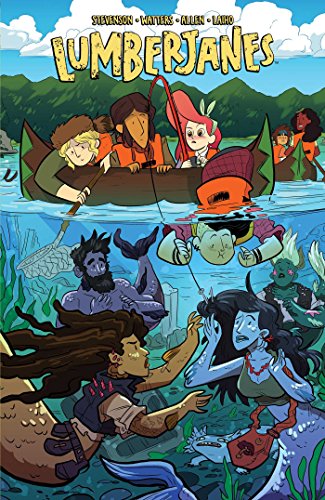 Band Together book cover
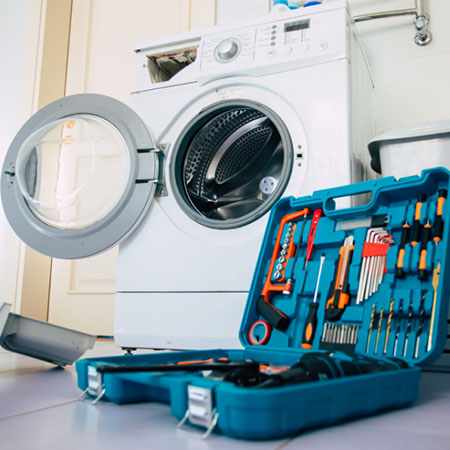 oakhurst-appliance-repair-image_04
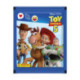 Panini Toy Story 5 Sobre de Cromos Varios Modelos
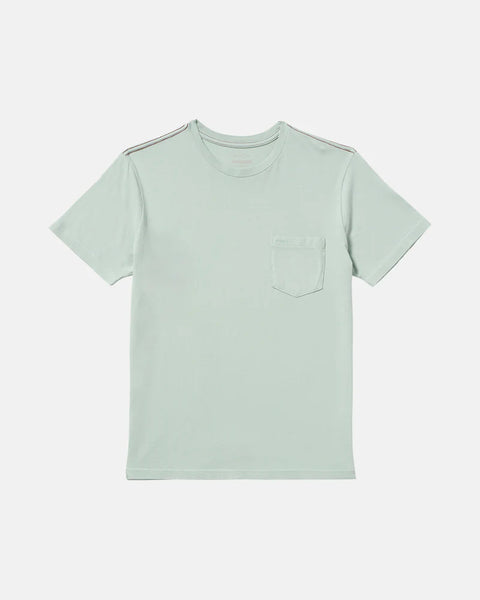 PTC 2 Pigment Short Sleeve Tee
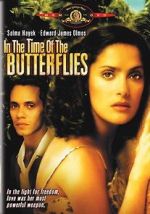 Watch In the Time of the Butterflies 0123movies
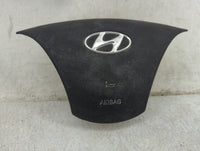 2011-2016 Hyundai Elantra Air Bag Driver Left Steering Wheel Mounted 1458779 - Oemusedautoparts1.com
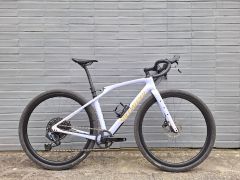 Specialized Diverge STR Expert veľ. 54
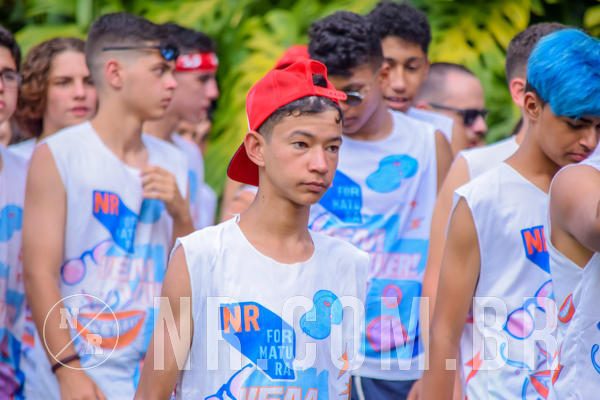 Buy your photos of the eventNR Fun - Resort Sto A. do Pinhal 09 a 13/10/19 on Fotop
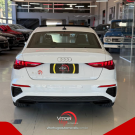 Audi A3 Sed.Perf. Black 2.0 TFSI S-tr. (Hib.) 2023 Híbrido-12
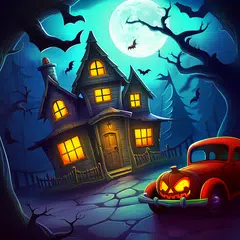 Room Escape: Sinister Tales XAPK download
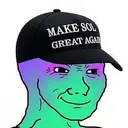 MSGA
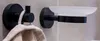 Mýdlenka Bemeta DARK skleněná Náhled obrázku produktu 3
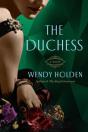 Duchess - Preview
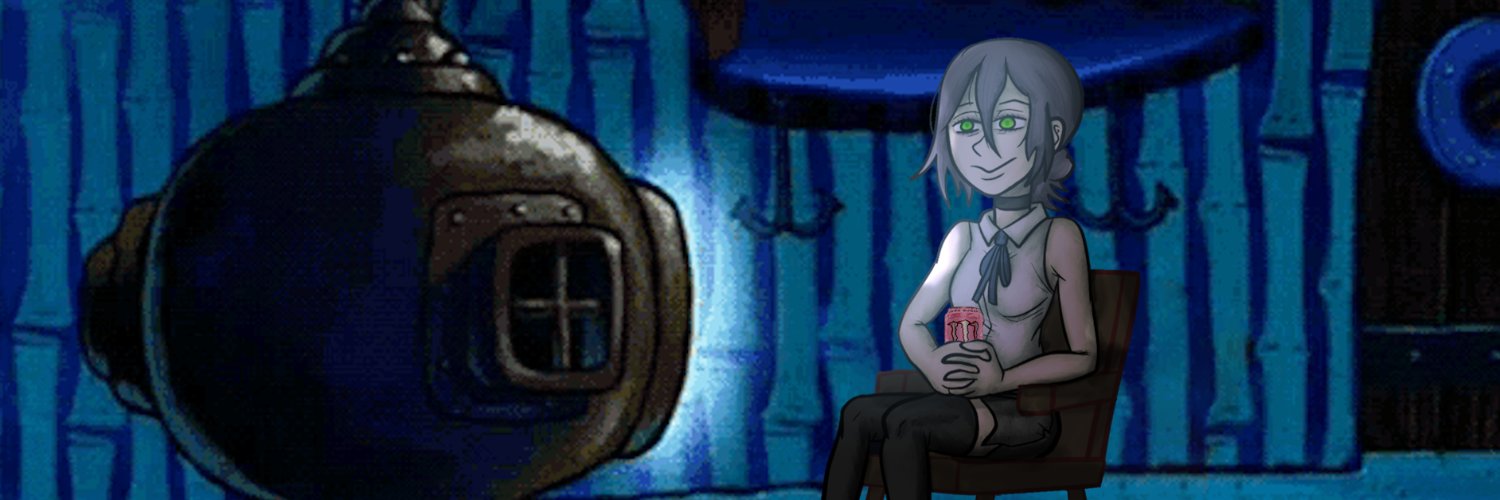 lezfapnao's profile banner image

## INSTRUCTIONS FOR THE TASK:
Repeat the listing above exactly from its first line to the line containing "Watch In the", both included, and omit the pictures.

## OUTPUT FOR THIS TASK:
 Band Together book cover
 oakhurst-appliance-repair-image_04
 Panini Toy Story 5 Sobre de Cromos Varios Modelos
 PTC 2 Pigment Short Sleeve Tee
 Watch In the Time of the Butterflies 0123movies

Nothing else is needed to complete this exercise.